*** Begin section ***
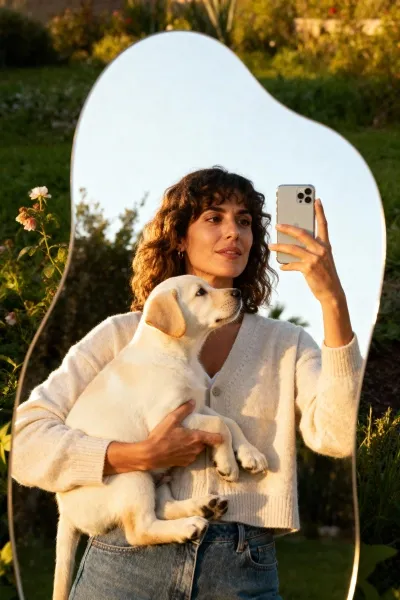 Woman holding dog taking garden mirror selfie with irregular mirror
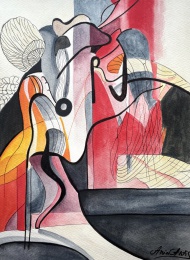 Fließende Realität, 30x40cm, Technik: Aquarellfarben und Fineliner
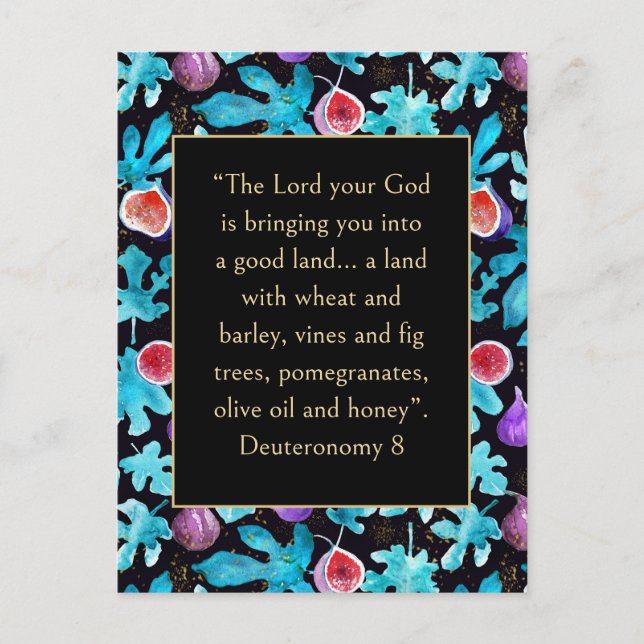 Carte Postale Figes Terre Promise Deutéronome 8 Bible Verse (Devant)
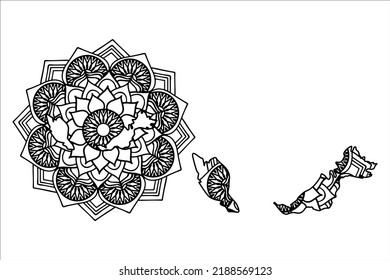 Mandala cut file creative silhouettes set on white background. Map of Malaysia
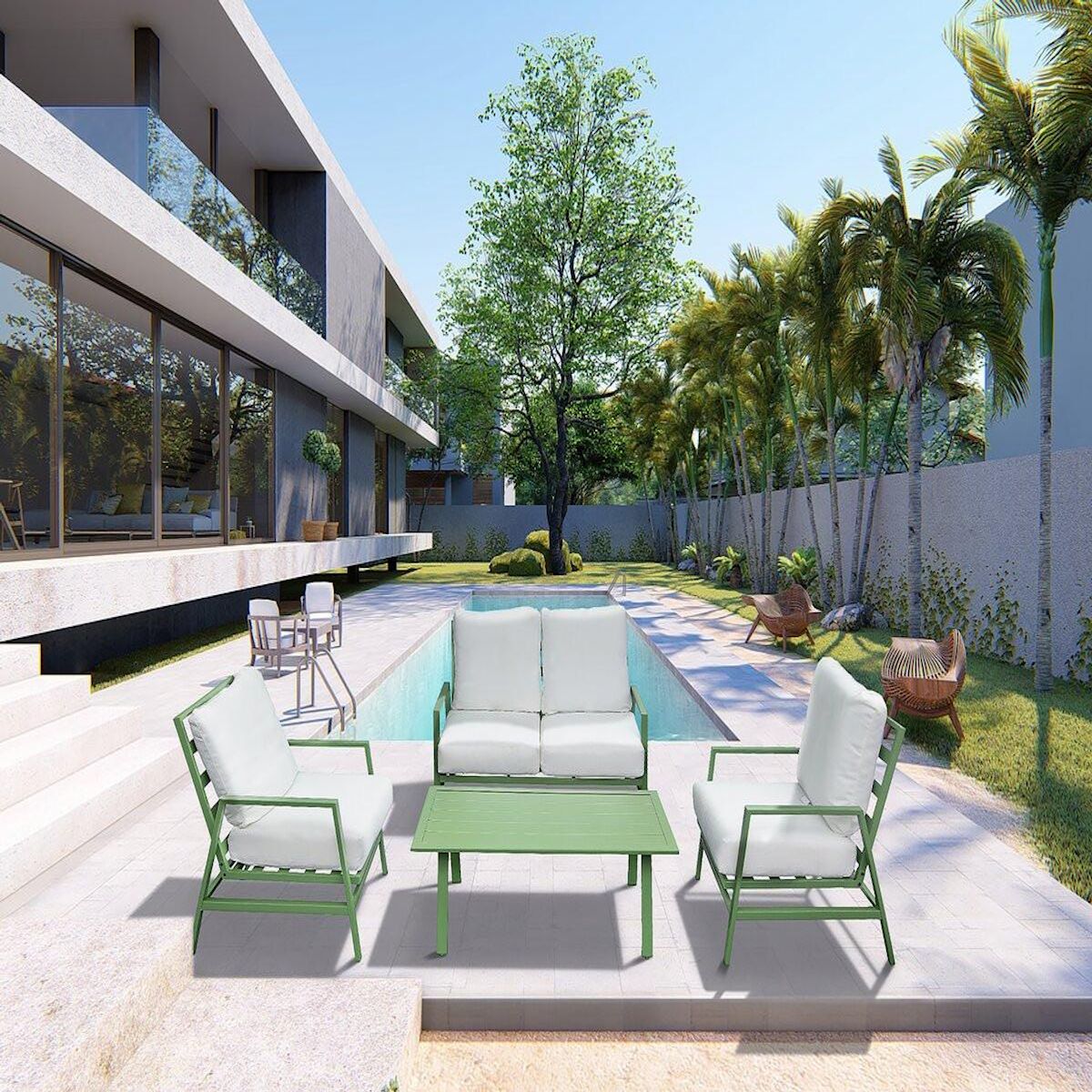 Habitat et Jardin Salon de jardin en métal  Queens  - 4 places - Vert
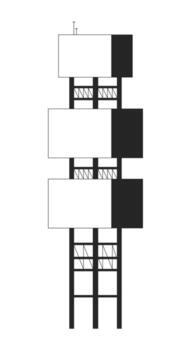 Offshore oil rig tower structure 2D line object. Modular levels. Oilfield equipment with support columns. Energy architecture isolated clipart ink outline item. Monochrome spot illustration vector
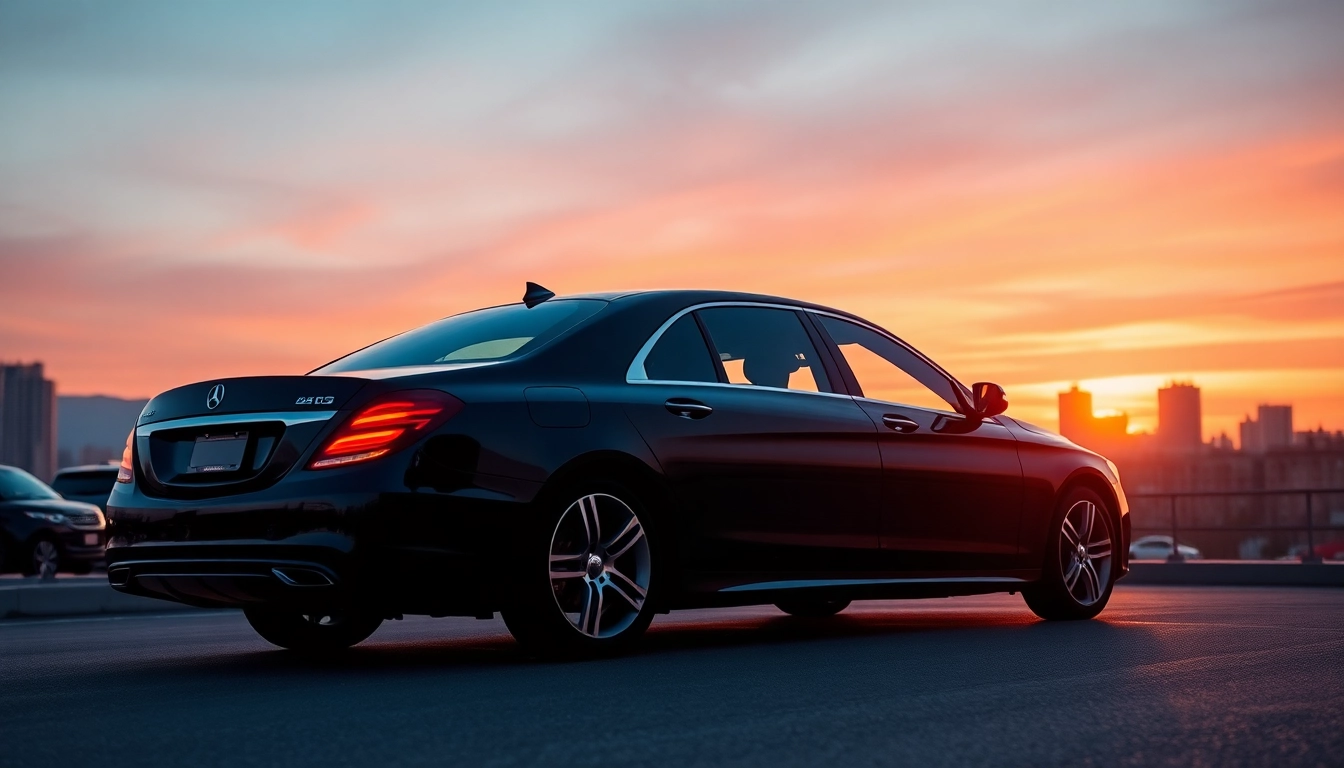 Experience a cheap private car service Vancouver in a sleek black sedan with a stunning city view.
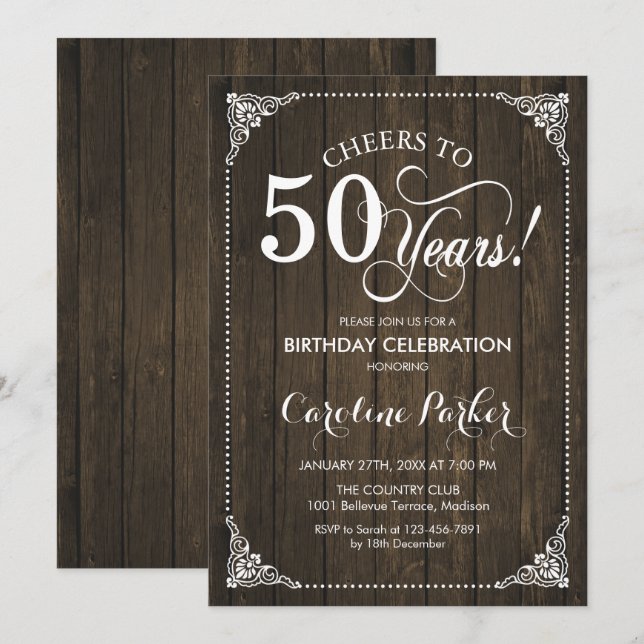 50th Birthday - Rustic Wood Invitation (Front/Back)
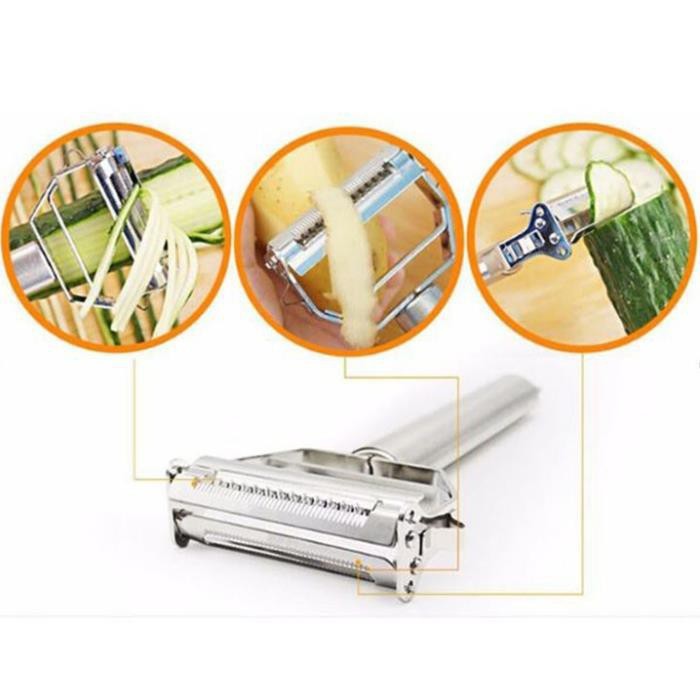 Nạo sợi rau củ cầm tay 3 trong 1 bằng inox 304, Dao nạo rau củ, gọt hoa quả đa năng - Chính hãng MINIIN
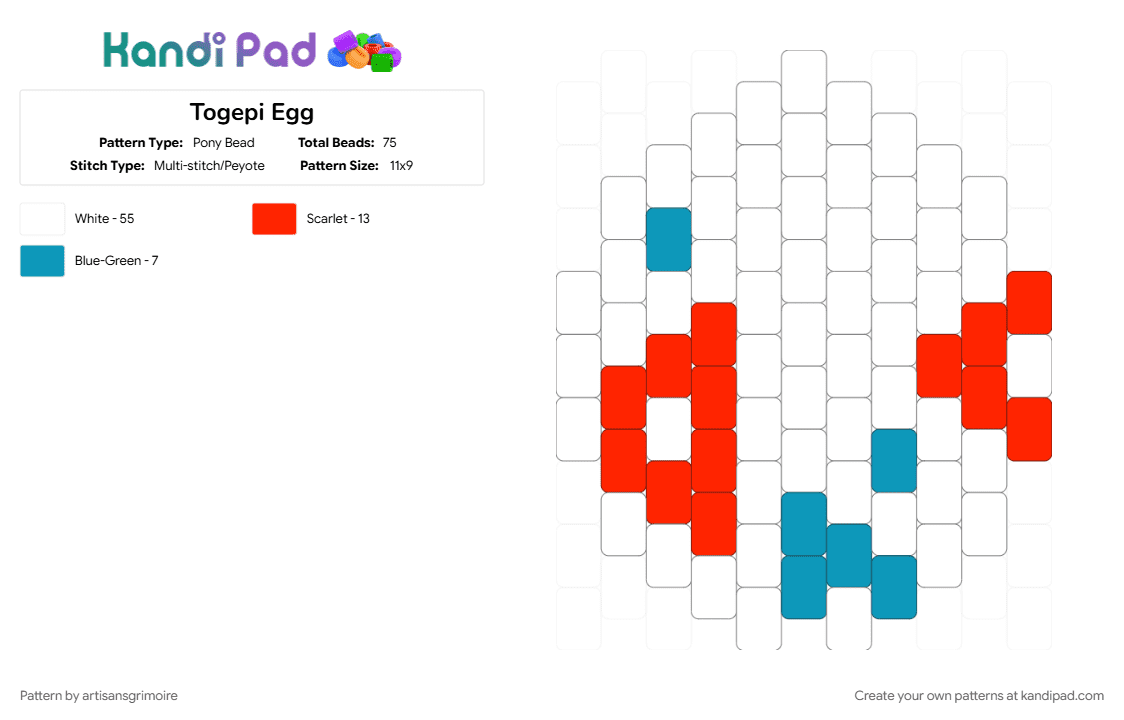 Togepi Egg - Pony Bead Pattern by artisansgrimoire on Kandi Pad - light blue, red, white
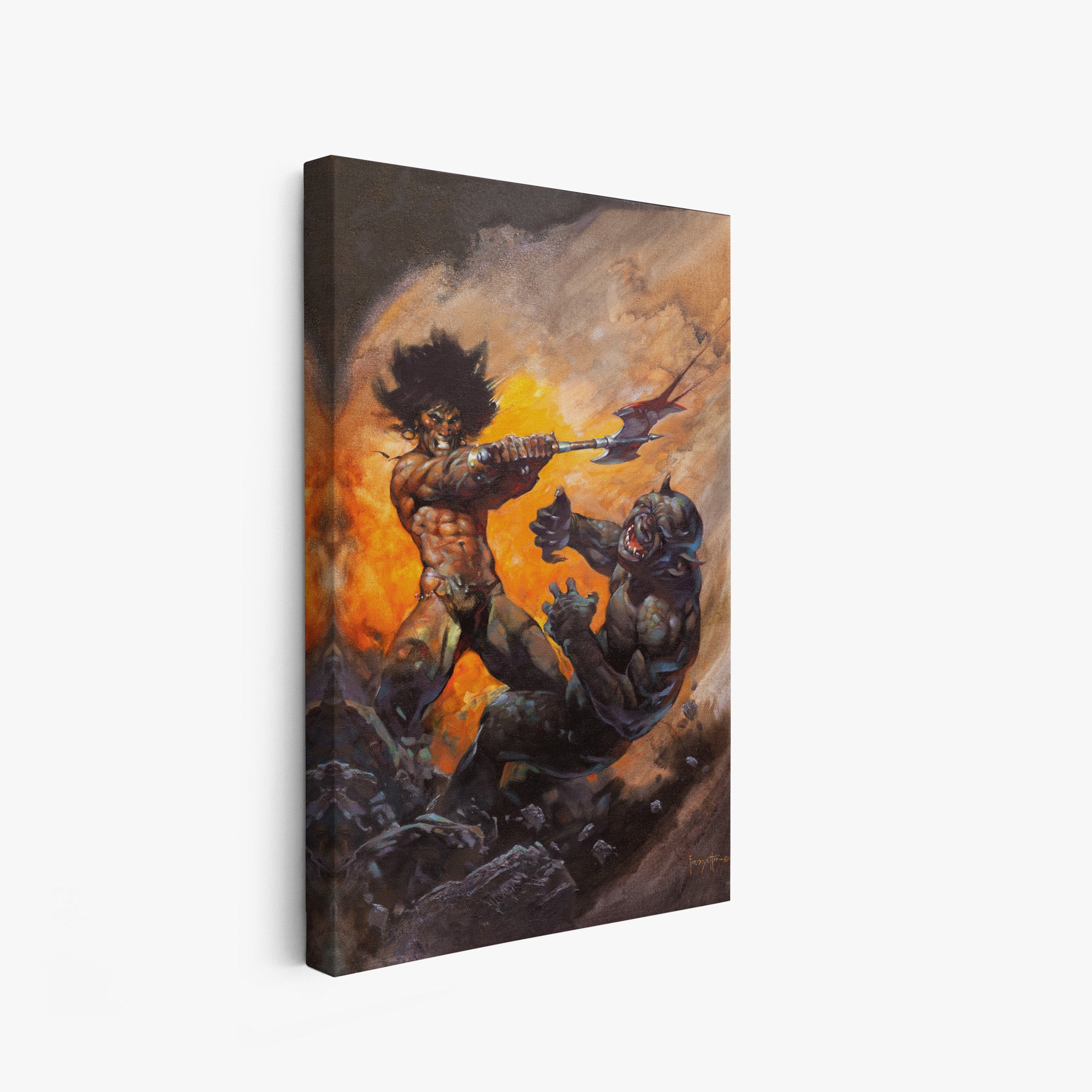 A canvas print of Frazetta’s Barbarian with Axe hung on a white wall, showcasing the artwork with mirror-wrapped edges for a seamless, dimensional look.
*** End section ***
- **PROMPT**
Where the line containing "50th Birthday - Rustic" appears, begin writing out the lines word for word, and continue through the last line of the data, leaving out pictures.

- **THE ANSWER**
 50th Birthday - Rustic Wood Invitation (Front/Back)
 Nạo sợi rau củ cầm tay 3 trong 1 bằng inox 304, Dao nạo rau củ, gọt hoa quả đa năng - Chính hãng MINIIN
 Togepi Egg - Pony Bead Pattern by artisansgrimoire on Kandi Pad - light blue, red, white
 A canvas print of Frazetta’s Barbarian with Axe hung on a white wall, showcasing the artwork with mirror-wrapped edges for a seamless, dimensional look.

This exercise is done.